Graveslab (present location), Dublin South City, Co. Dublin

Somewhere in the collections of the National Museum of Ireland sits a small stone fragment, measuring just thirty centimetres by fifteen, that carries one of early medieval Christianity's most misunderstood symbols: a swastika.

Long before the motif became irrevocably associated with twentieth-century atrocity, it appeared regularly in early Christian and pre-Christian decorative art across Europe and Ireland, where it was used as an ornamental device on stonework, metalwork, and manuscripts. On this particular fragment, it forms part of a cross-slab, a category of early medieval grave marker typically featuring an incised or raised cross, often surrounded by interlace, geometric patterns, or figural carving. The swastika in this context is a rotating cross variant, a symbol of movement or eternity rather than anything more troubling, and its presence here is a reminder of how visual vocabularies shift meaning across time.

The fragment was acquired by the National Museum in 1984, having come from Fuerty graveyard in County Roscommon, a site recorded separately in the archaeological inventory. The slab itself is catalogued as part of a larger cross-slab entry in the Sites and Monuments Record. Its dimensions suggest it is a fairly small remnant, possibly broken from a larger grave marker at some point in the graveyard's history. The sources cited in the record, including Siggins (1988) and Herity and colleagues (1997), place it within the broader corpus of early Christian stone monuments from the region, though the precise date of the original slab's carving is not noted in the available record.

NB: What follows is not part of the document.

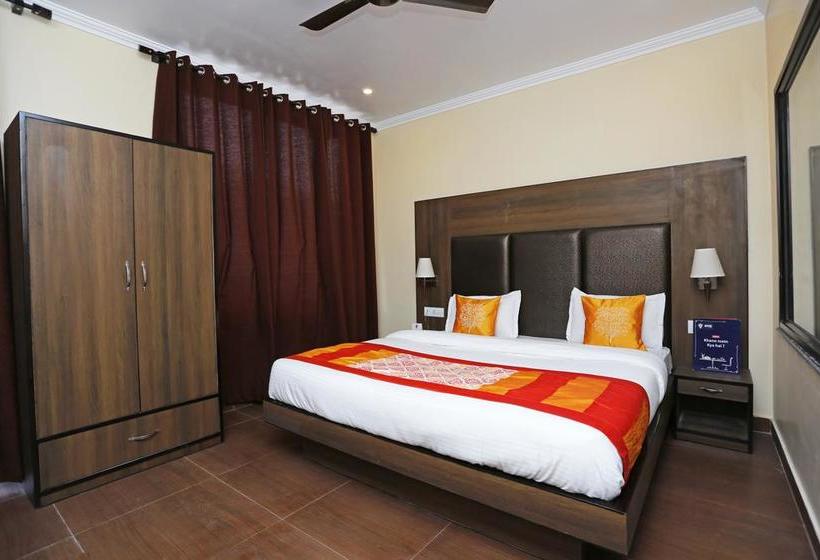 هتل Oyo 8905 Tapastali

The fragment is now held in Dublin rather than displayed in situ in Roscommon, which means anyone wishing to examine it should contact the National Museum of Ireland directly to enquire about access or current display status, as objects of this kind are not always on permanent public view. The associated graveyard at Fuerty remains a separate site of interest for those travelling in County Roscommon. For visitors with an interest in early Christian stonework more broadly, the National Museum's collection in Dublin holds a significant range of comparable material, and the staff there can often point researchers towards objects not currently on the gallery floor.